After 19 years of rewarding hard work, and an abundance of opportunities and changes, Warwick Moyle will be resigning as Kaharoa School principal at the end of the year.
Warwick Moyle has been at Kaharoa School since 2001 in the principal's role.
He says there have been many changes, including a lot of property development over those years.
These have included opening a newly built administration block, remodelling the senior blocks, rebuilding a bigger swimming pool, tennis courts changing sheds and building of the Kokako Centre.
In 2012 Warwick visited schools throughout New Zealand while on a sabbatical and decided flexible learning spaces were the way to go, so the school has also created lots of flexible learning spaces.
He says the school roll has always been around the 200 mark, and it is currently at 193.
Warwick says a reward and goal for him over the 19 years at Kaharoa School has been seeing the school's students go on to high school and achieve highly.
"I get a lot of pleasure seeing children succeed in their various areas of interest.
"The other thing I love is providing lots of different opportunities for children so they can discover passions and talents."
Since 2007, Kaharoa School has had students go on to become six duxes, three proxime accessits, four head girls, two head boys and three deputy head boys.
He says highlights have also included holding two Trolley Derby events down Kaharoa Rd in memory of Mike Donnelly, organising Top Road events, and running the school's Hamurana Flyer colour run, which is on again on December 6.
Warwick says for his 31 years of teaching he has always been at country schools.
"They are fantastic places for children to grow up and learn.

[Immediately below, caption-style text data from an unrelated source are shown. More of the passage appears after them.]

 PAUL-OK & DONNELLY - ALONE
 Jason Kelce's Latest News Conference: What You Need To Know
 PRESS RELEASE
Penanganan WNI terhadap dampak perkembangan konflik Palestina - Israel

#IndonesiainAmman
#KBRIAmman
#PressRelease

I'm a strong advocate for country schools."
He says a lot of classes at Kaharoa School are composite, where senior classes do a lot of work with juniors.

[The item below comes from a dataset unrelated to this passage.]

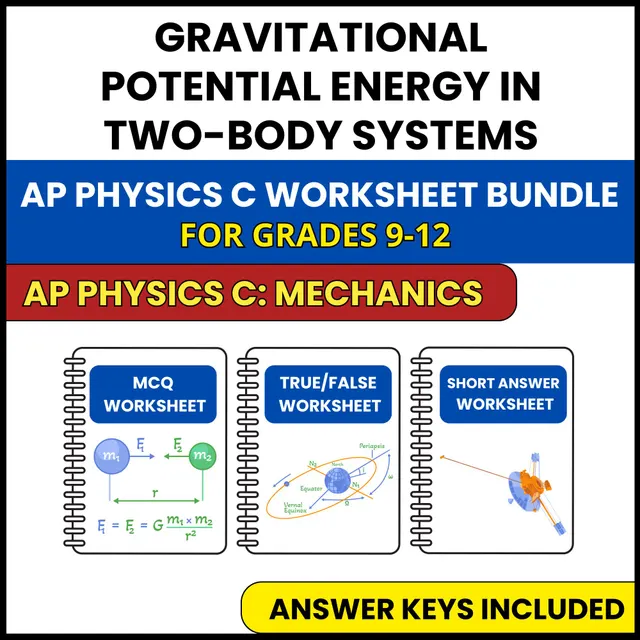 AP Physics C Mech | Two Body Potential Energy | 3 Worksheets | Grade 9-12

Warwick has also been big on the school being a community space, with its resources such as tennis courts, swimming pool and beach volleyball net.

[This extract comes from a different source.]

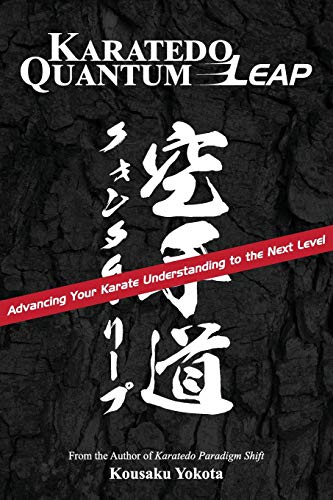 Karatedo Quantum Leap  Advancing Your Karate Understanding to the Next Level [Paperback]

"I've been lucky enough to work with some fantastic staff who put their heart and soul into the job."
Warwick says another vital thing the school has had is parental support - "it's just gold".
He says over the years he has also been lucky to have some great opportunities through the Rotorua Principals Association and principal sabbaticals.
These have included travelling to Canada and the United States, having spoken in Washington about the school's Cornerstone Values Approach, which he thinks is probably the best thing that has been implemented in the school.
He also travelled to see Mary Gordon, the founder of the Roots of Empathy programme, and brought that back to Rotorua.
"It's a rewarding and challenging job. It's many hours of hard work but I do it because it's rewarding.
"However, it's time to ease back and get new blood to come in and carry on with new ideas."
Warwick says after resigning at the end of the school year he is still going to be working, but will spend more time with family, enjoying their lifestyle block, playing golf and doing other interests such as reading and cycling.
What will you miss most about Mr Moyle?
He's really nice, and he encourages people to give everything a go and it really helps.
Jess Day, 13
He's a hard working principal and puts his hand up to help with lots of things. He gives you lots of opportunities, especially in leadership, and shows great leadership himself.
Finley English, 13
The things he does for the school and how much effort he puts in.
Lucy Barker, 13
He's a happy and cheerful person who always asks kids to give everything a go.
Kobe Stranks-Rose, 13
He's a really great leader. He's kind, considerate, a fast thinker and got a great smile.